If you are analyzing existing (secondary) data about human subjects: The Campus or Health System IRB must review your research before it begins. Only the IRBs can determine if your project meets the requirements for conducting research with human subjects, approve your study activities, or declare them to be exempt from ongoing review. In general, use of secondary identifiable data will require a data use agreement with the data provider sufficient to comply with both Duke’s and the data provider’s requirements for protecting the data. That agreement will be reviewed as part of the IRB approval process.
If you are analyzing existing data that is not about human subjects but is Sensitive or Restricted by Duke's standard: Proprietary corporate data or government data are the most common examples of this data type. Various types of documentation and/or contracts may be required by the data providers. In general, use of these types of data will also require a data use agreement that is sufficient to comply with both Duke's and the data provider's requirements for protecting the data. The agreement will be signed by a Duke official (not by a PI, program manager, or other researcher).

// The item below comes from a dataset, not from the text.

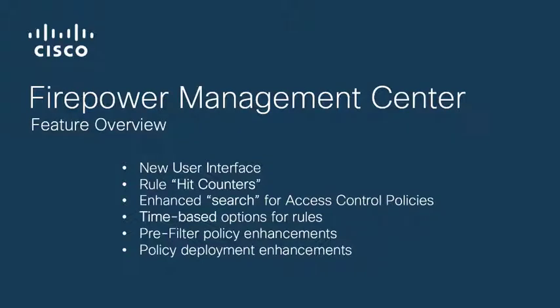Hello and welcome to this short overview video for Cisco's Firepower Management Center, or FMC.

If you are collecting your own identifiable data: The request for protocol approval requires different forms and informed consent, but the rules above still apply.
If you are using Duke Health data: While the PRDN can be used for all kinds of protected identifiable data, including PHI, Duke Health allows only de-identified Duke Health data to be transferred to the PRDN.
In all cases:
- Changes to your study or data: The project approval documentation defines the purposes for which the data can be used by approved study team members. Changes to study team membership require IRB approval and may require the approval of the data provider as well. If both the DUA and IRB protocol need to be amended, the IRB should be amended first. Before adding new research questions or new data (even data that is publicly available), you also need to obtain appropriate approvals from the IRB and secondary data provider. Data use approval is study specific, so you must obtain approval to reuse the data from your data provider for another study or to change the research questions (or add additional data) in an existing study.
- Keeping documents up to date: Data stored and analyzed in the PRDN must have current approvals. DUAs may be approved for a fixed period of time or for the duration of the project. IRB approval is for one year. Protocol renewals should be submitted 30-60 days before expiration. In order to maintain access to PRDN resources, send us copies of your renewals before the previous documents expire.
Actively Manage Collaboration and Dissemination
How you as the PI manage collaboration on papers and presentations depends on study requirements, team structure, your own preferences, and other factors. Establishing a required research flow process to support replication and dissemination of your results is an essential early step. For example, you might provide a controlled location (such as a Box folder) for research team members to deposit their work for your review. Configure it so that only you or select team members can remove items from that location. However you approach collaboration and dissemination, make sure that it allows you to identify and address any problems with the materials before they are submitted or presented.